I love Leila Sales. I'm a biased super fan of her books and I was so excited when I bought Tonight The Streets are Ours. Not only is it a Leila Sales book, it is also one of the most beautiful books I've ever seen. Win win.
That’s how seventeen-year-old Arden Huntley has always thought of herself. Caring for her loved ones is what gives Arden purpose in her life and makes her feel like she matters. But lately she’s grown resentful of everyone—including her needy best friend and her absent mom—taking her loyalty for granted.
Then Arden stumbles upon a website called Tonight the Streets Are Ours, the musings of a young New York City writer named Peter, who gives voice to feelings that Arden has never known how to express. He seems to get her in a way that no one else does, and he hasn’t even met her.
When I started reading this book, I had no idea what it was about and I think that's probably the best way to approach this story. It is so filled with twists and turns that limited knowledge really helps you get carried away by it, so I deleted half of the Goodreads summary for this post. I feel like this is all you need to know going into the story, however there's plenty to say about the story without giving away the plot (and if you do disagree with me, the full official summary is here so knock yourself out!).
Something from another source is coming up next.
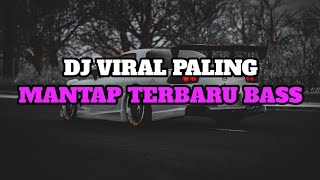 DJ VIRAL PALING MANTAP TERBARU 2024;;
What I adored about this book is the friendship between Arden and Lindsey. Their friendship is complicated; Lindsey always gets into trouble and Arden feels like it's her responsibility to fix things "because that's what you do when you love someone." Not surprisingly, this creates a lot of tension between two 17 year old girls, but I loved the idea of this. In so many YA novels, female friendships are filled with tension because the girls are too selfish, get distracted by boys/school or just grow apart when growing up. While this is realistic for teens, I liked seeing a friendship where one girl is just undeniably loyal to her friend; not to a boyfriend, but to her female friend. It's refreshing and so healthy to see represented in YA books.
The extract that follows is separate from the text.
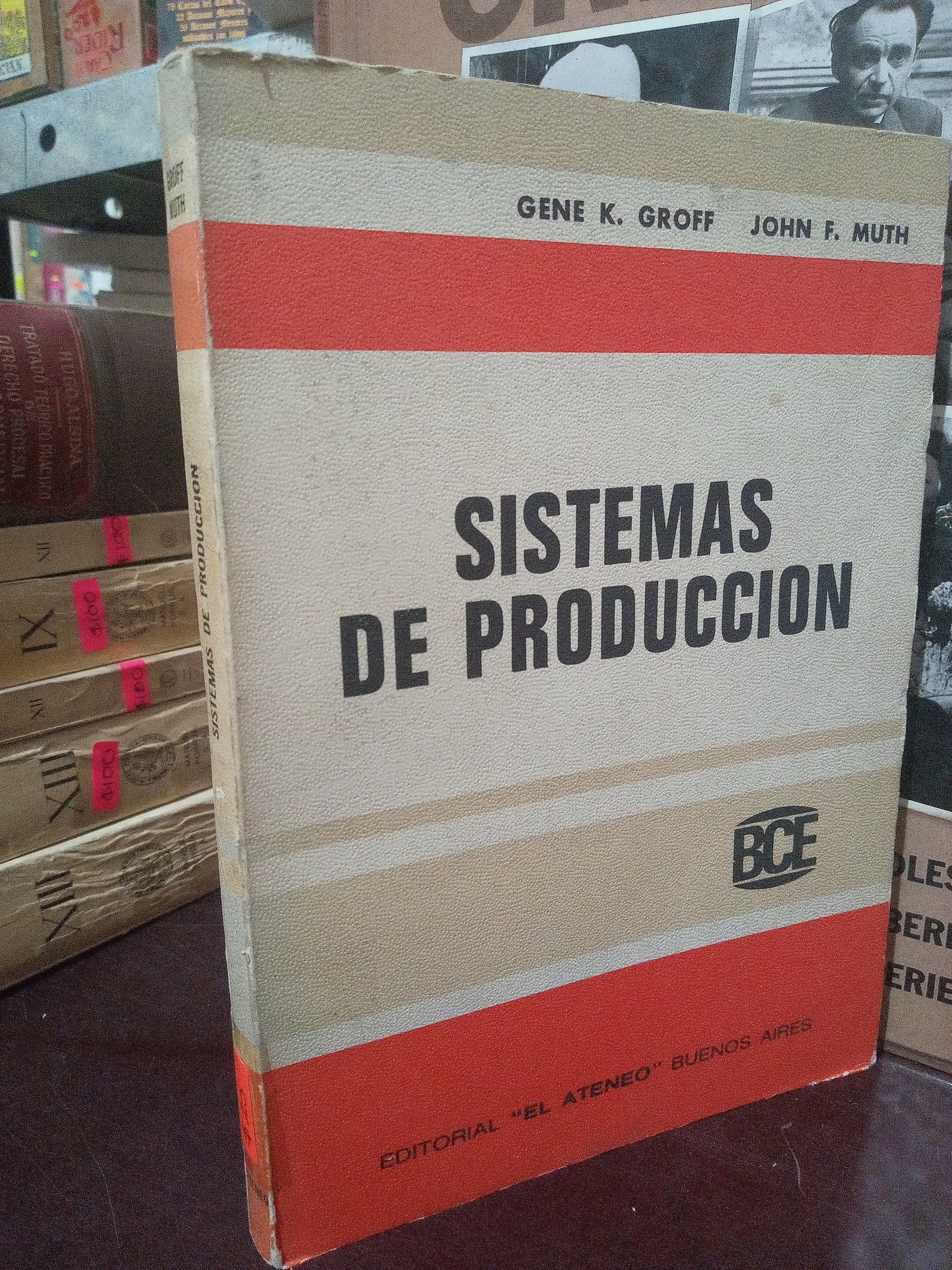 SISTEMA DE PRODUCCIÓN POR GENE K. GROFF JOHN F. MUTH USADO DERECHO LITERARIO 305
A big theme in this book is social media, and a lot of Goodreads reviewers seem to take offence to the negative way social media is portrayed. I disagree with this completely. Tonight The Street Are Ours shows that we make everything we see and read on social media personal to ourselves. Arden reads Peter's blog and completely projects her own experiences, fears and ambitions on it and isn't that what we all do? We read about other people's lives and relate it back to ourselves and what it says about our life by contrast. Leila Sales shows the dangers in doing this, but also how healing this can be during certain periods in our life - we need escapism and social media is just another form of it.
This is no surprise, but I adored this book. The writing was amazing, the characters were so relatable (though I'm not at all like Arden and would never give so much to a friend without getting anything back), the plot was full of tension and executed so well. I don't know what else to say, besides that this is one of my favourite reads of 2015 and that five stars doesn't do it justice.